== Data in this exercise ==

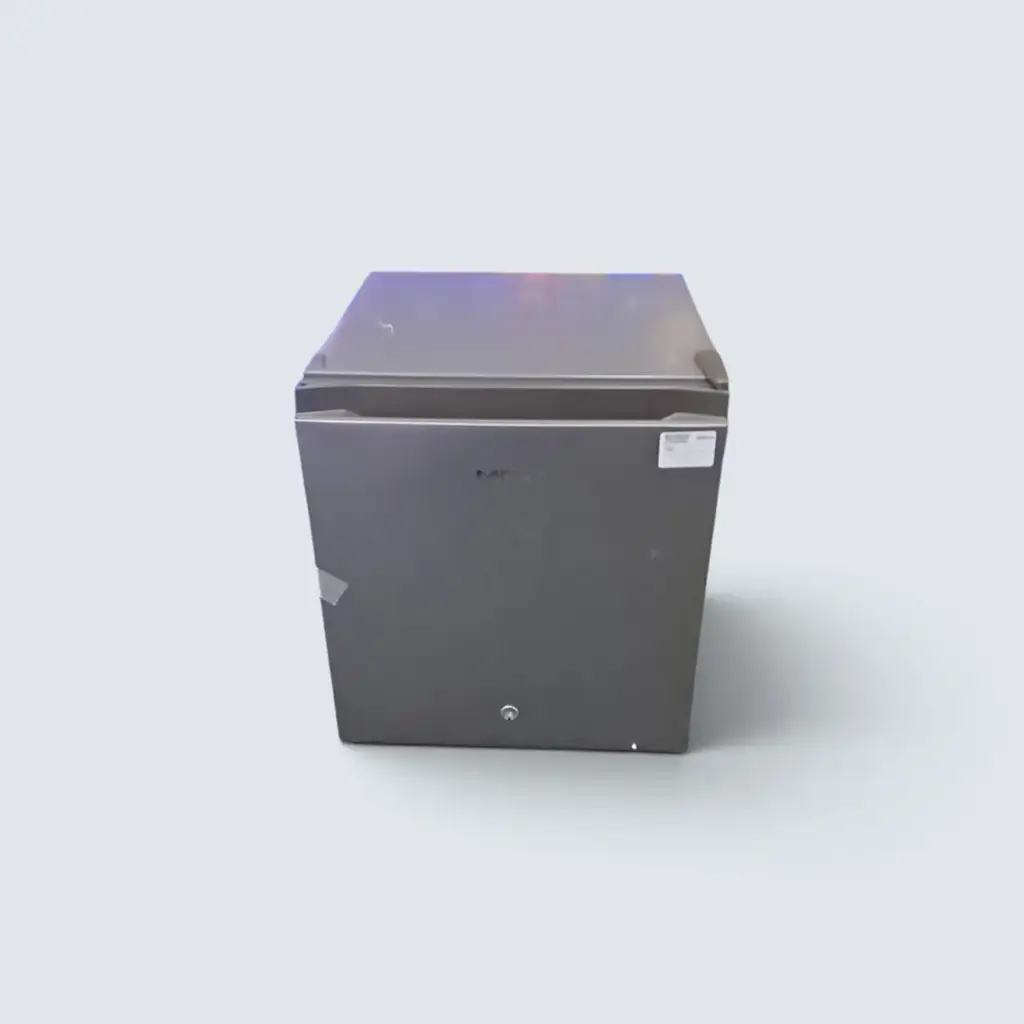 Mora 44L Lockable Bar Fridge – Titanium Silver - View 2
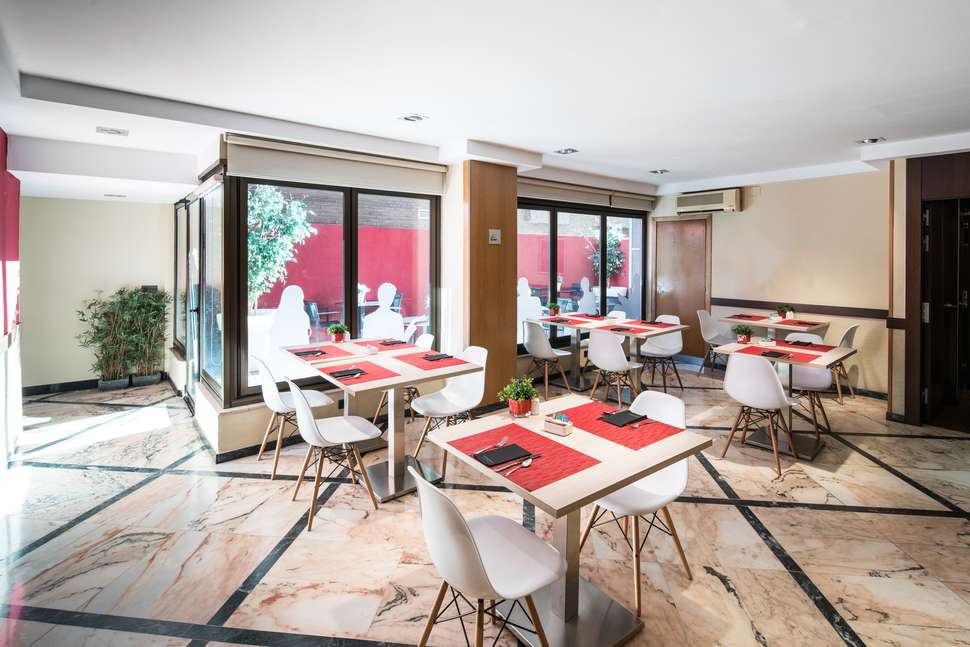 Een foto van de faciliteiten bij Catalonia Mikado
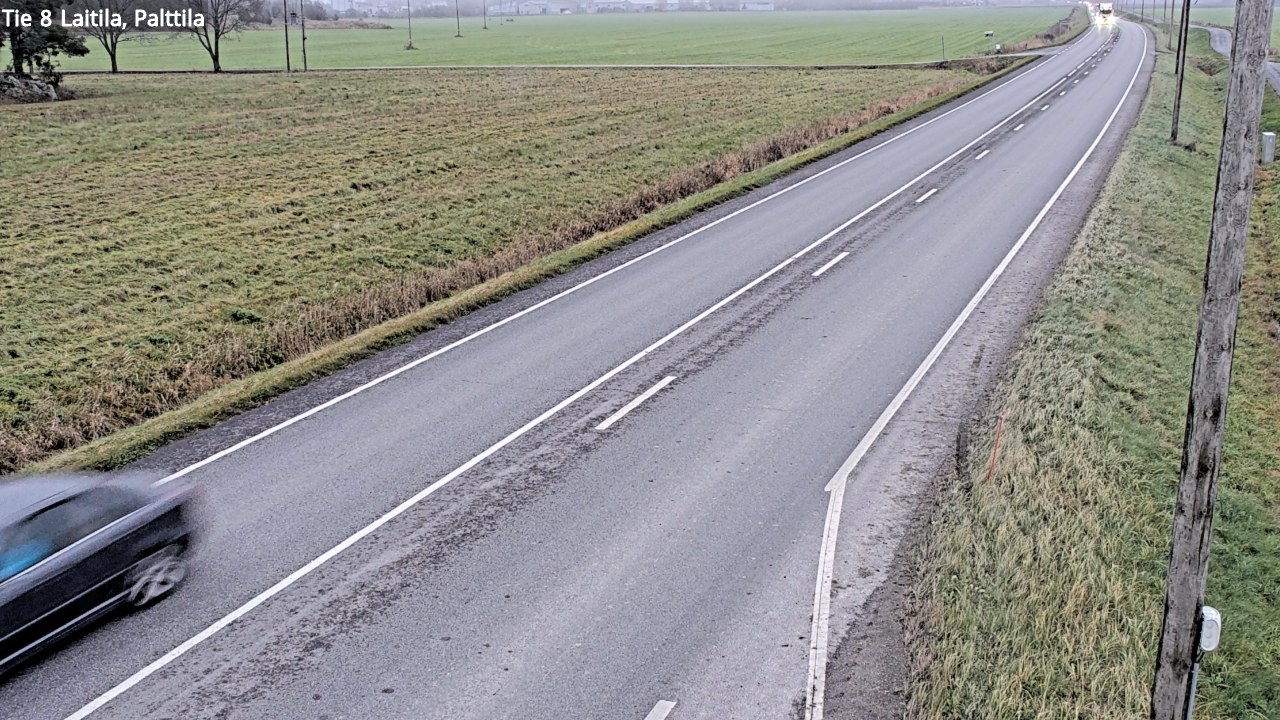 Kelikamerat Kuva Tie 8 Laitila, Palttila, Laitila, Varsinais-Suomi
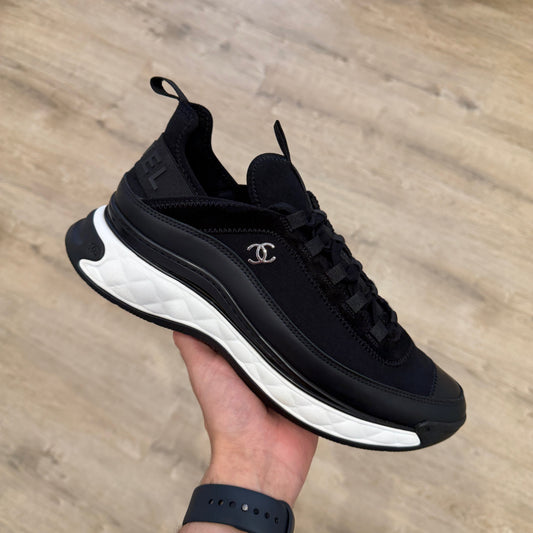 C RUNNER BLACK EU 43 (FIT A UK 9 / 9.5)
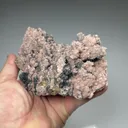 Rhodochrosite with Groutite - image 2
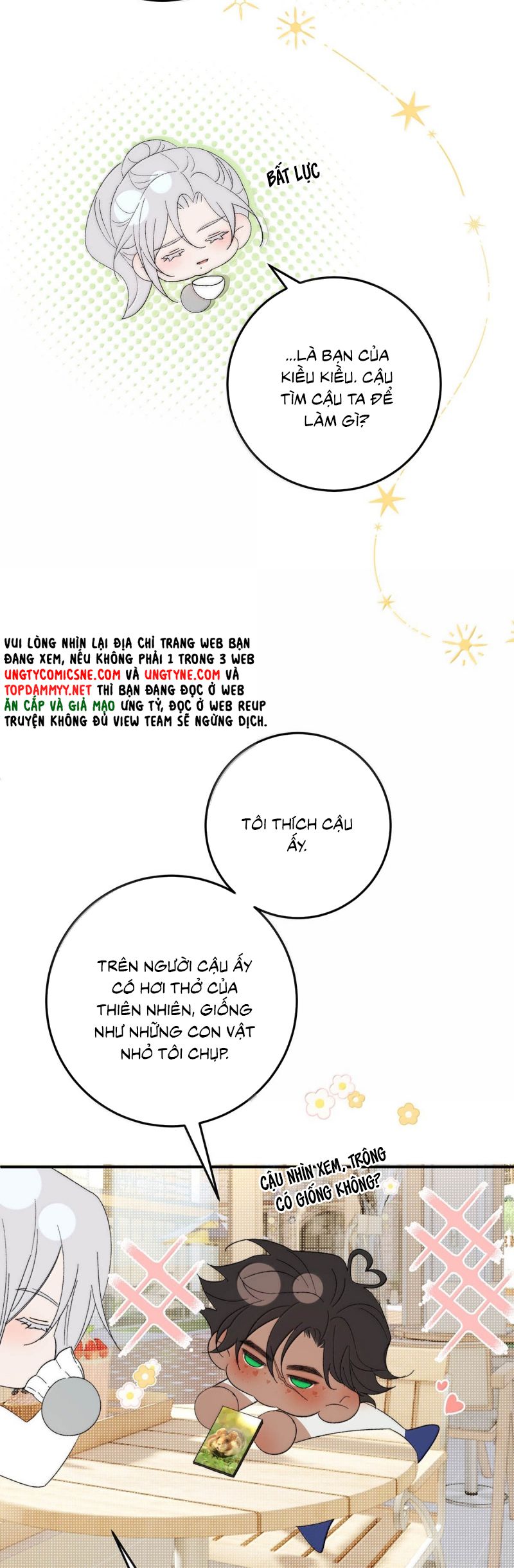 Mỗi Ngày Đều Muốn Làm Bệnh Kiều Vương Tử Xấu Hổ Muốn Độn Thổ Chapter 25 - Trang 2
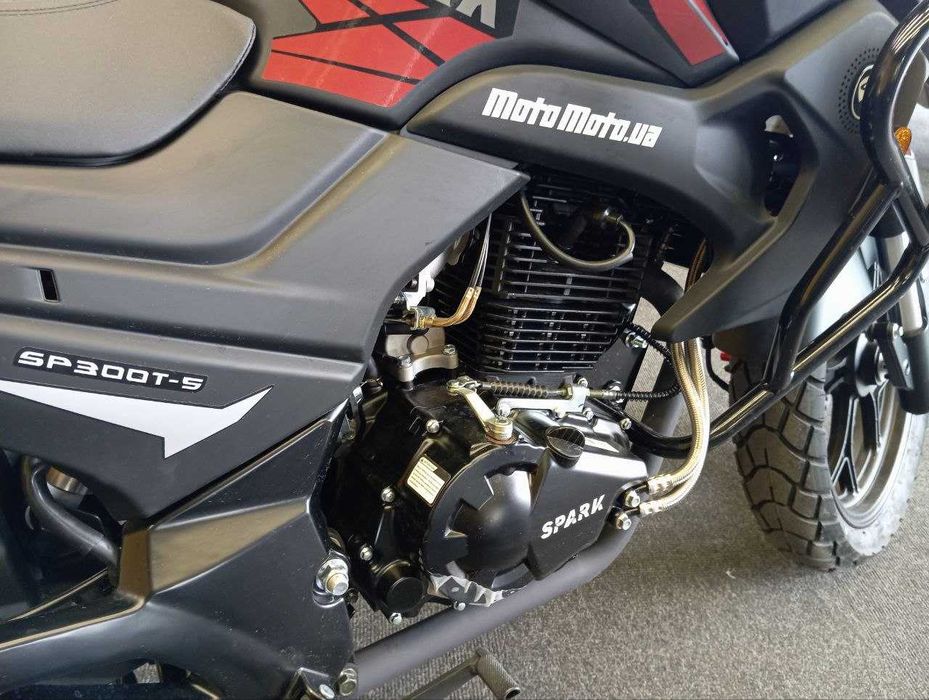 Мотоцикл SPARK SP300T-5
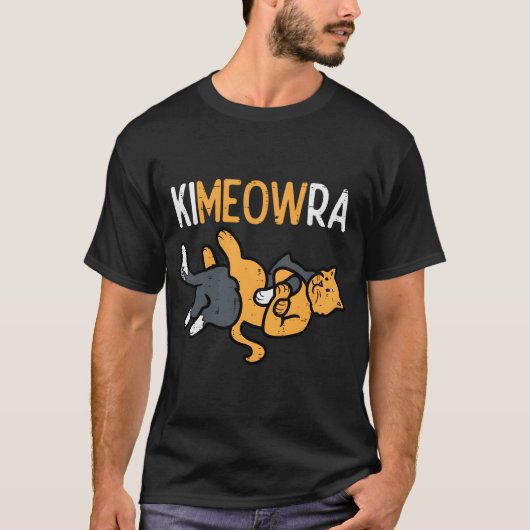 Kimeowra Cats Mial Bjj Mixed Martial Arts T-Shirt (Vorderseite)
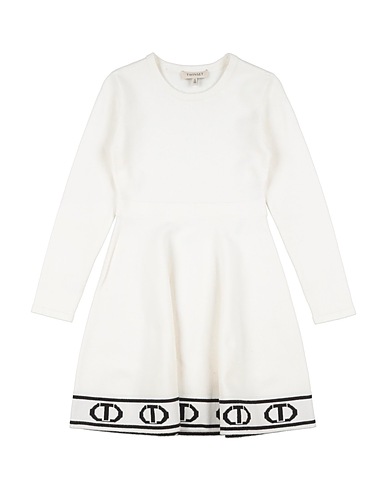 TWINSET Φόρεμα 50% Βισκόζη, 25% Πολυαμίδη, 25% Πολυεστέρας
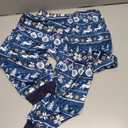 PopReal Christmas Pajamas for Family, Family Christmas Pajamas PJs Matching Sets Top Sleepwear Jammies MOM M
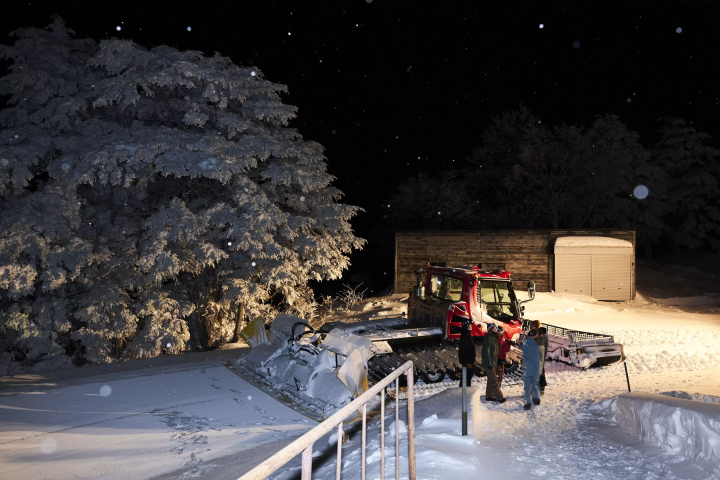 在米澤的「天元台高原滑雪場」，您可以享受冬季運動直到春天！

===

▶ Exercise description:
With the pictures left out, copy exactly the lines from the line holding "Kimeowra Cats Mial" through the final line of the records, including both.

▶ Reply:
 Kimeowra Cats Mial Bjj Mixed Martial Arts T-Shirt (Vorderseite)
 TWINSET Φόρεμα 50% Βισκόζη, 25% Πολυαμίδη, 25% Πολυεστέρας
 PopReal Christmas Pajamas for Family, Family Christmas Pajamas PJs Matching Sets Top Sleepwear Jammies MOM M
 在米澤的「天元台高原滑雪場」，您可以享受冬季運動直到春天！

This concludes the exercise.